SUDUT HUKUM | Adapun landasan hukum penyelenggaraan Pos di tanah air sejak tahun 1959 adalah Undang-Undang Nomor 4 Tahun 1959, dengan adanya kemajuan zaman, maka Undang-undang tersebut tidak sesuai lagi dengan perkembangan masyarakat dan dinamika perkembangan perposan dewasa ini, maka landasan tersebut perlu diadakan penyempurnaan, sehubungan dengan hal tersebut pemerintah mengeluarkan Undang-undang Nomor 6 tahun 1984 tentang Pos dan Giro sebagai pengganti Undang-undang nomor 4 tahun 1959, adapun yang diatur dalam undang-undang tersebut mengenai penyelenggaraan pengusahaan Pos dan Giro ditanah air. Kemudian diganti kembali dengan diundangkannya undang-undang nomor 38 tahun 2009 tentang Pos.

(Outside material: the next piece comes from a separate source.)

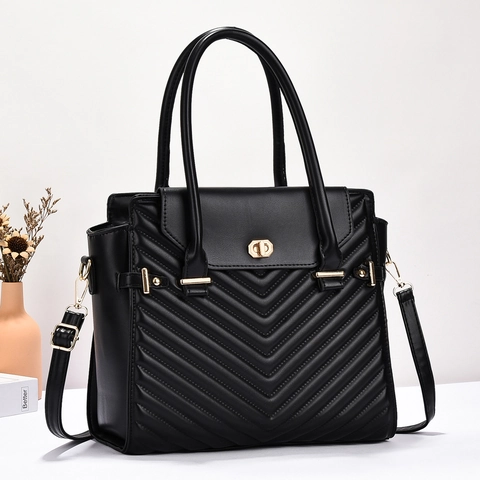 Women Shoulder Bag PU Leather Chevron Quilted Handbag Gold Twist Lock Top Handle Crossbody Versatile Elegant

Dan Undang-undang Hukum Dagang pasal 100 sampai pasal 173.

Dengan adanya berbagai macama bentuk dari Wesel pos yang dikembangkan oleh PT. Pos Indonesia (Persero) maka senantiasa dalam pelaksanaannya sering timbul berbagai masalah yang berhubungan dengan masalah wesel pos tersebut sebagaimana dirumuskan dalam permasalahan diatas, yaitu adanaya wesel yang terlambat dapat diuangkan dan lain sebagainya.

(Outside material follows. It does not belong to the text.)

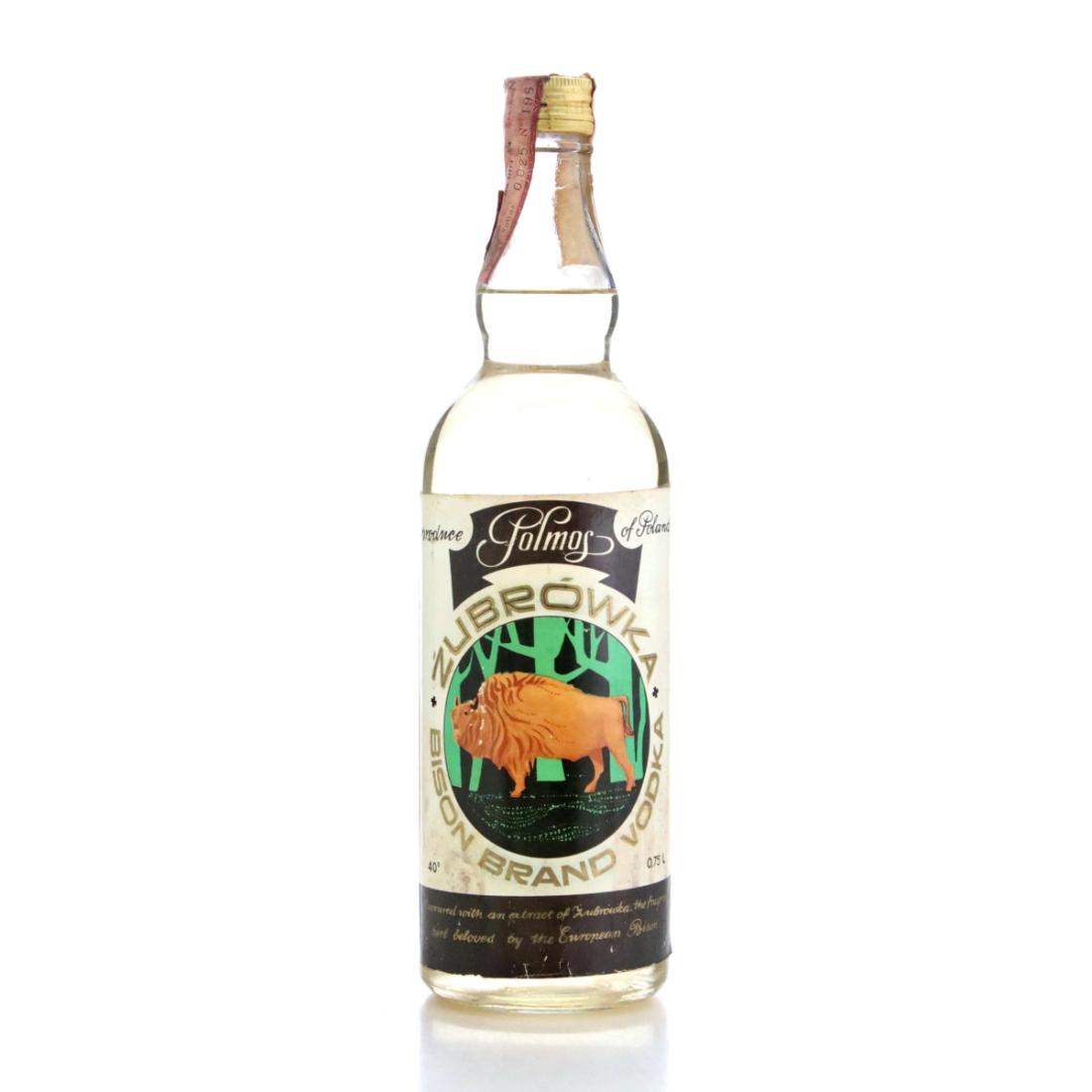 Polmos Zubrowka Bison Brand Vodka, 40% whisky bottle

Berkenaan dengan terlambat dapat diuangkannya wesel pos yang telah dikirimkan oleh seseorang maka dalam laporan hukum perjanjian dapat dikatakan bahwa perbuatan tersebut adalah wanprestasi, yaitu apabila seseorang:
  • Tidak melakukan apa yang disanggupi akan dilakukannya.
  • Melakukan apa yang diperjanjikannya, tetapi tidak sebagaimana dijanjikan.
  • Melakukan apa yang dijanjikan tetapi terlambat.
  • Melakukan sesuatu yang menurut kontrak tidak boleh dilakukan.